▶ _Your goal_: Reproduce only the lines below from the line containing "0Spessore di.5 mm" to the line containing "before after breast augmentation", exactly as written, with both end lines kept. Omit the pictures.

▶ _Data for processing_:
== Segment start ==

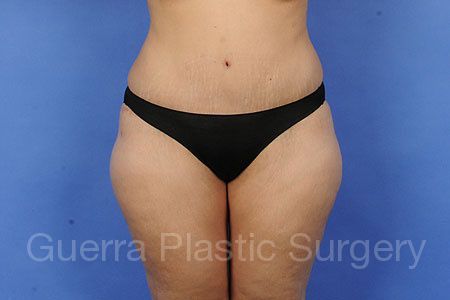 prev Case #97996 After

== Segment end ==
== Segment start ==

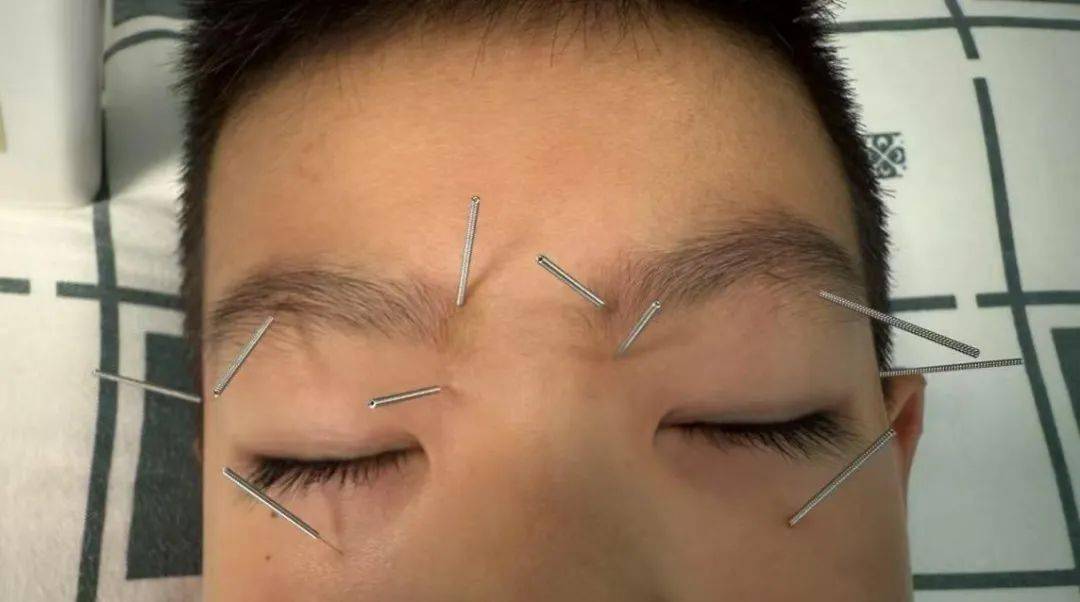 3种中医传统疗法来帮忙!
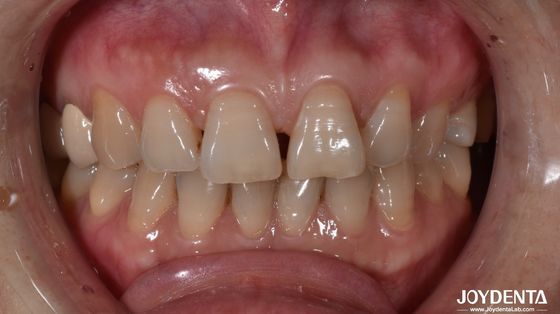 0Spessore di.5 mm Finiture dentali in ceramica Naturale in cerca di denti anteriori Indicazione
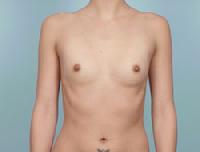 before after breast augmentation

== Segment end ==
== Segment start ==

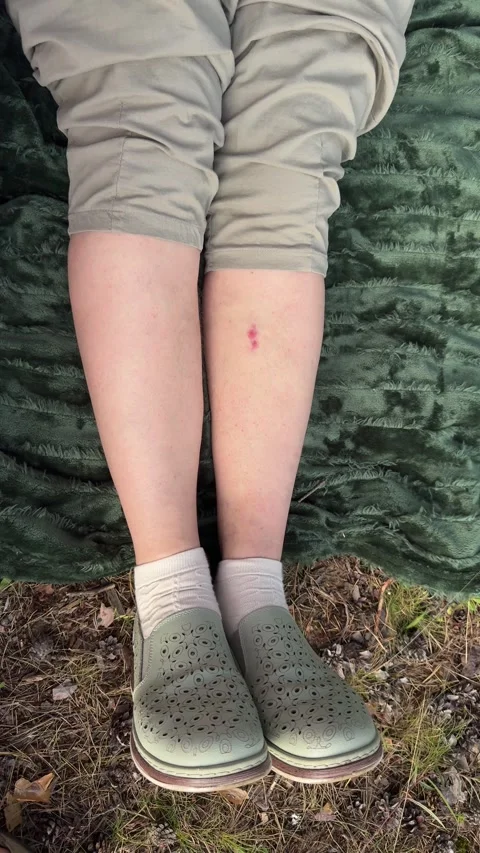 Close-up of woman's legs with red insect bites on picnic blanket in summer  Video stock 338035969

== Segment end ==

▶ _Result for this exercise_:
 0Spessore di.5 mm Finiture dentali in ceramica Naturale in cerca di denti anteriori Indicazione
 before after breast augmentation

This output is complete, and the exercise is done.